= What you are asked to do =
Could the lines from the line bearing "Humus (Küçük) görseli" to the end of the records below be copied exactly, with the pictures left out and no other lines added?
Record extracts section start
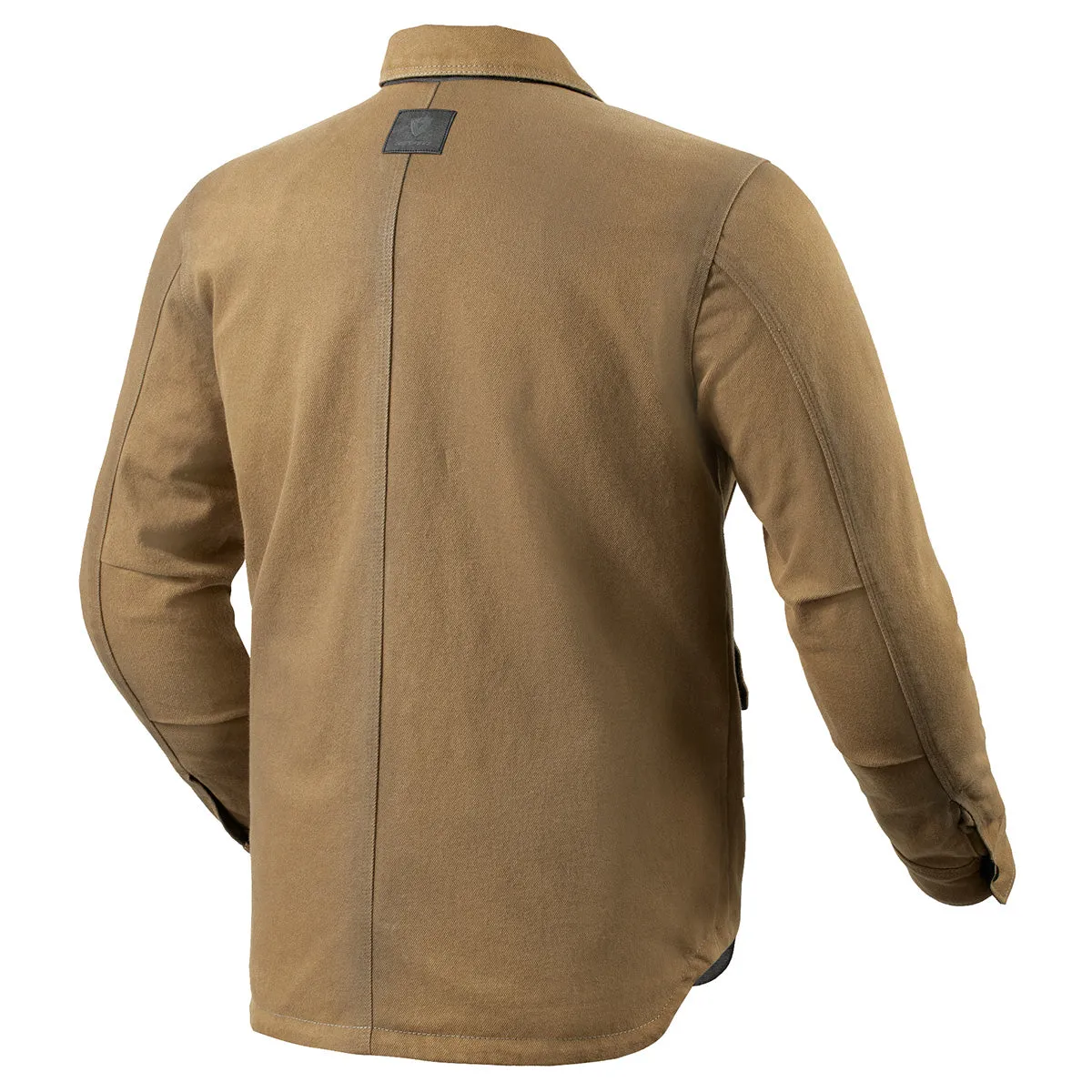 REV'IT! Men's Worker 2 Heritage Motorcycle Overshirt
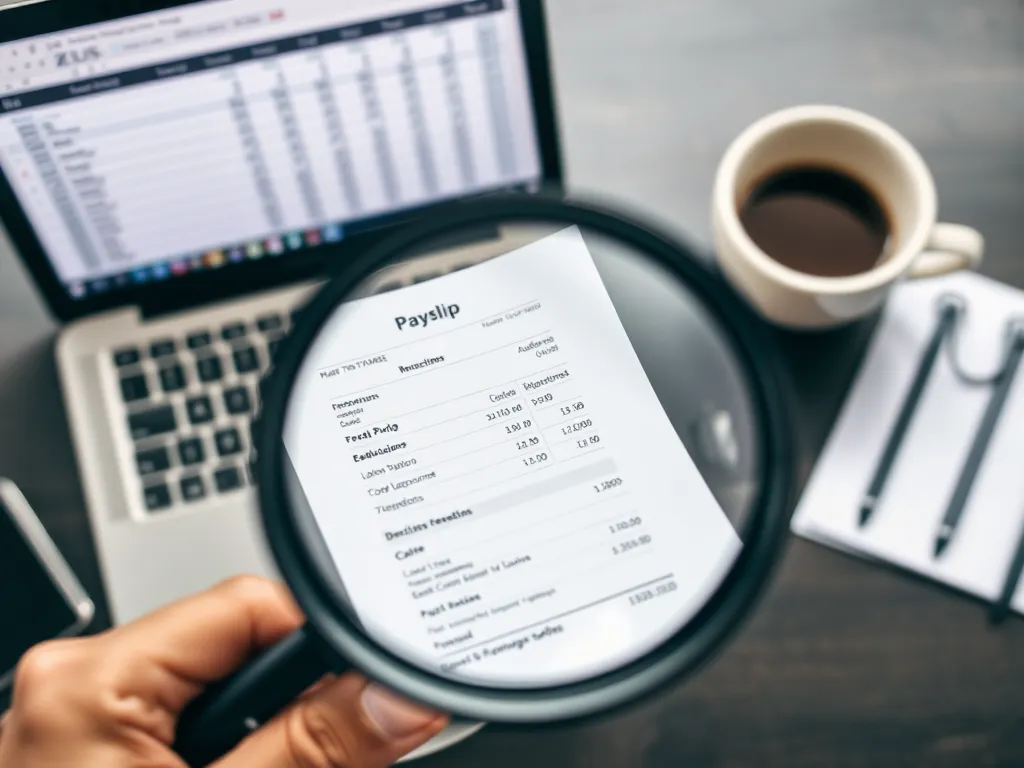 Jak sprawdzić czy pracodawca opłaca składki ZUS?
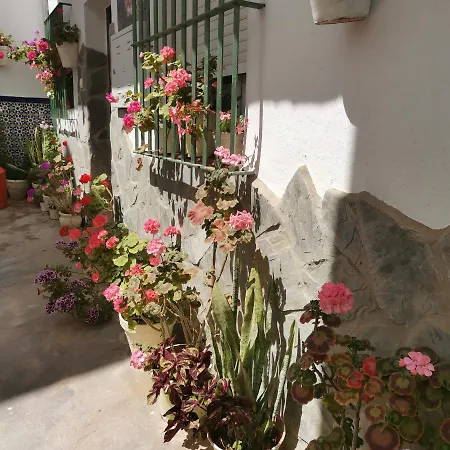 Casa Pepa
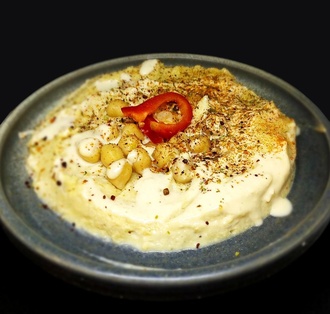 Humus (Küçük) görseli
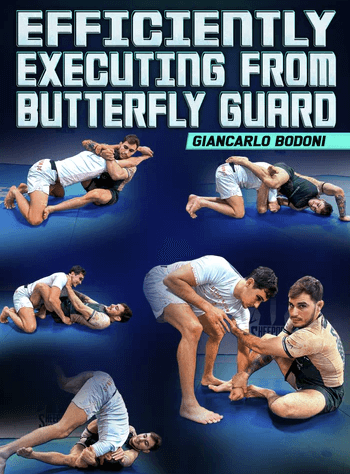 Giancarlo Bodoni – Efficiently Executing From Butterfly Guard (1)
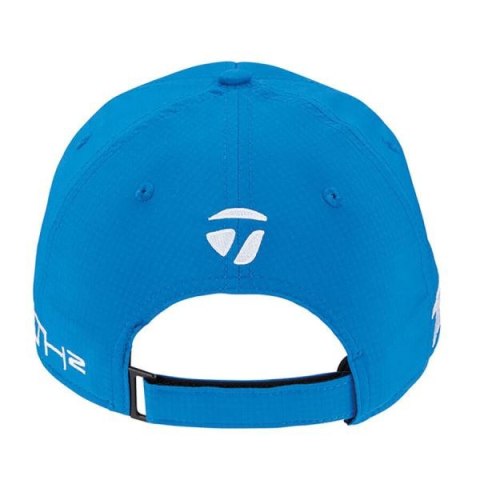 TaylorMade, Czapka golfowa Tour Radar (niebieski Royal)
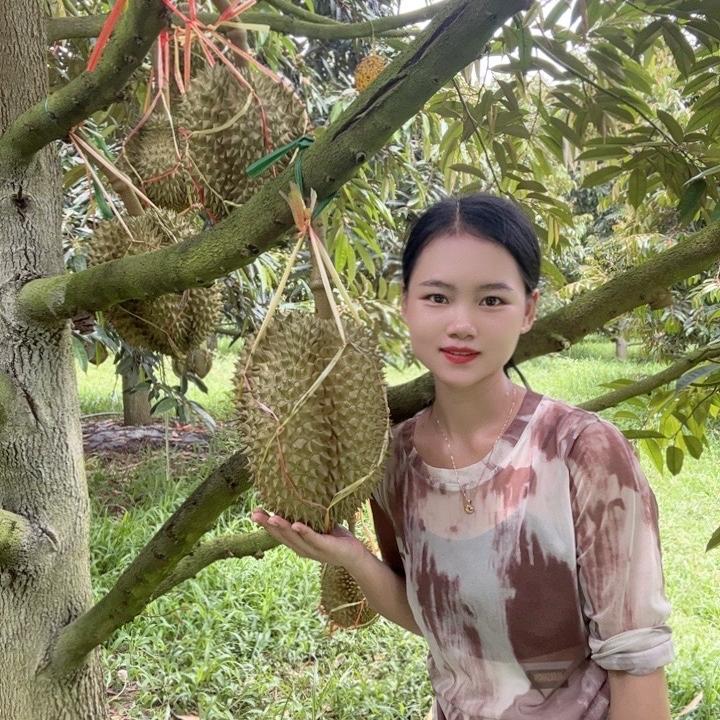 富泽果树苗木专营店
Record extracts section end
= Your solution =
 Humus (Küçük) görseli
 Giancarlo Bodoni – Efficiently Executing From Butterfly Guard (1)
 TaylorMade, Czapka golfowa Tour Radar (niebieski Royal)
 富泽果树苗木专营店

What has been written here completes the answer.